Who will be the designer of " The Royal Wedding Dress"?


I am so excited that this is the week that we will find out who has designed Kate Middleton's dress and what it looks like. In the history of royal weddings there has never been such speculation about not only what the bride's dress will look like but also who has designed it.
Bruce Oldfield would prove a link to the past and specifically to William's late mother or could it be one of Alice Temperley's modern fairytale dresses, loved by many upper-middle-class brides, would maintain the status quo of Kate Middleton's feminine and relatively safe aesthetic but if it is Sarah Burton that surely would be a bold gesture, announcing a fiercely up-to-date princess.
My excitement is mounting with the odds being on Sarah Burton. I just want sometime different, something special, something that makes Kate feel and look fabulous and something that cannot be cheapened by them coping it within hours. Please may it have unique embroidery and do something to inspire brides throughout the country to be daring to have something different and something personal to reflect who there are.
It has to be a British Designer,this is surely one of the few things we can assume about the dress. That is why I haven't listed Daniella Issa Helay,the Brazilian-born designer who did Kate's dress for the engagement day. It would be unpatriotic on a day when the whole world is watching Great Britain but also very "off-trend" - even Michelle Obama wears British designers these days. Of course, it's also traditional for a royal bride. As Joanna Marschner, the senior curator at Kensington Palace, points out, in the past royalty did everything it could to promote the "Made in England" message, utilising British-produced fabrics.
I was talking to one of the Bridal Worlds leading producers at the weekend and she said that surely it would influence our industry and give us a much needed boost. Princess Elizabeth's romantic Norman Hartnell dress lifted postwar Britain's spirits. Since Queen Victoria the 'best of British' tradition became standard practise. Then the queen and her advisors decided the entire ensemble should be British-made, and promote the country's arts and crafts and lace industry.
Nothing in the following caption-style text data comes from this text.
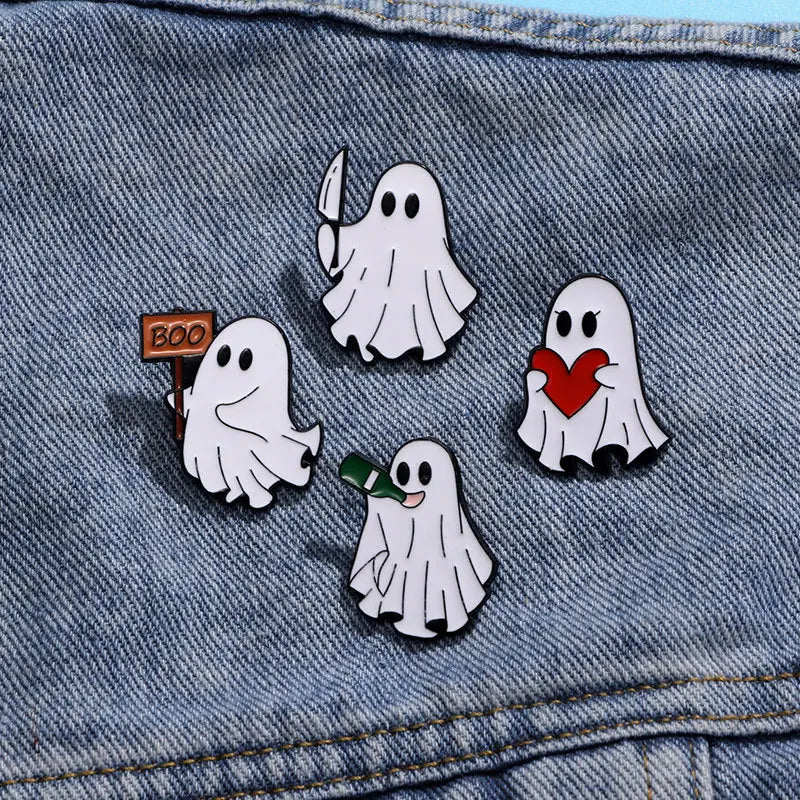 Cute Cartoon Ghost Enamel Brooch Creative Halloween Funny Gift Lapel Pin Badge Backpack Clothing Hat Accessories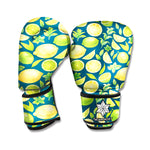 Lime And Lemon Pattern Print Boxing Gloves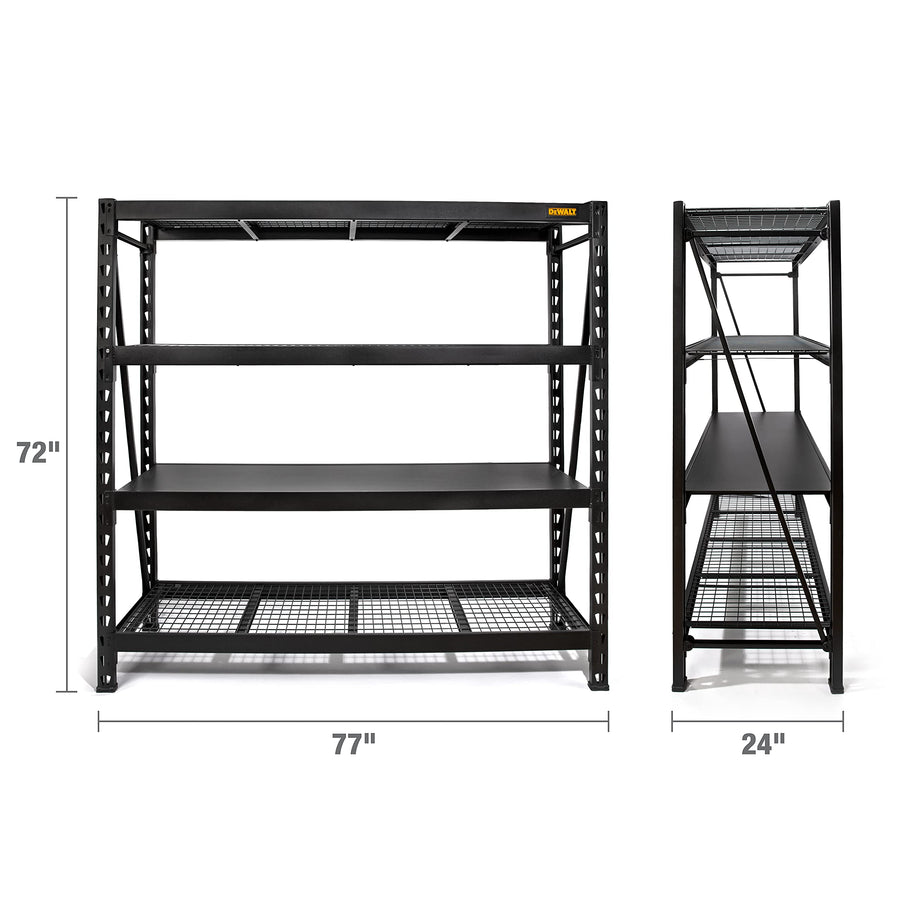 6-Foot Tall DEWALT, 4 Shelf Steel Wire Deck Industrial Storage Rack, Adjustable for Custom Workshop/Garage Storage Solutions, Total Capacity: 10,000 lbs. (DXST10000BLK)
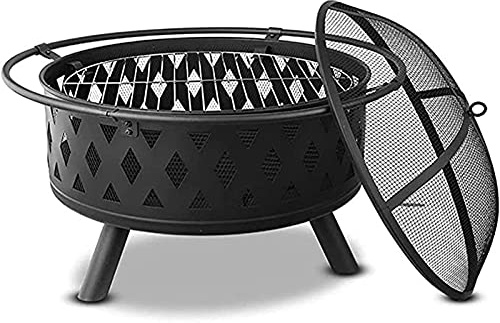 ZJFHEYUO Bracieri da Esterno, riscaldatori, Barbecue, braciere, braciere a Legna, braciere da Giardino con griglia G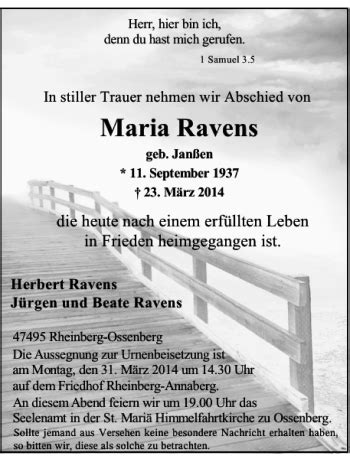 Alle Traueranzeigen für Ravens Maria trauer rp online de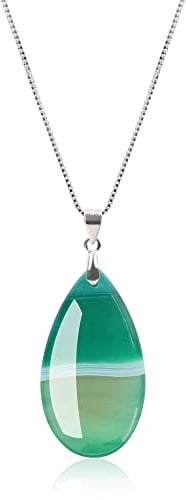 COAI Geschenkideen Damen 925 Sterling Silber Halskette Ankerkette mit Wassertropfen Anhänger aus Grünem Achat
Thus, the silk-satin was woven in Spitalfields; and the lace for the deep flounce to decorate the skirt, was woven in Honiton and Beer, to a pattern of exotic flowers and scrolling foliage, designed by the distinguished, Scottish, pre-Raphaelite painter, William Dyce, the head of the new Government School of Design, later to become the Royal College of Art. Royal weddings became an opportunity to promote the best of British industry. I wonder could Kate's dress have the same influence, I wish.
Already there is a race on to be the first with a look-alike. "When the dress hits, we will be right on it," says Jim Hjelm, a bridal designer in New York. "We'll be on the computer that afternoon,sending a sketch." The company's factory in China will return samples within 24hours. Forget the idea of copyright laws, so long as there are subtle modifications no one can stop them.

So please for the sake of us all can we have an edgier wedding gown for the future royal. "The Royal wedding will be magical. Kate's dress should be a modern mix of traditional and contemporary" Monique Lhuillier.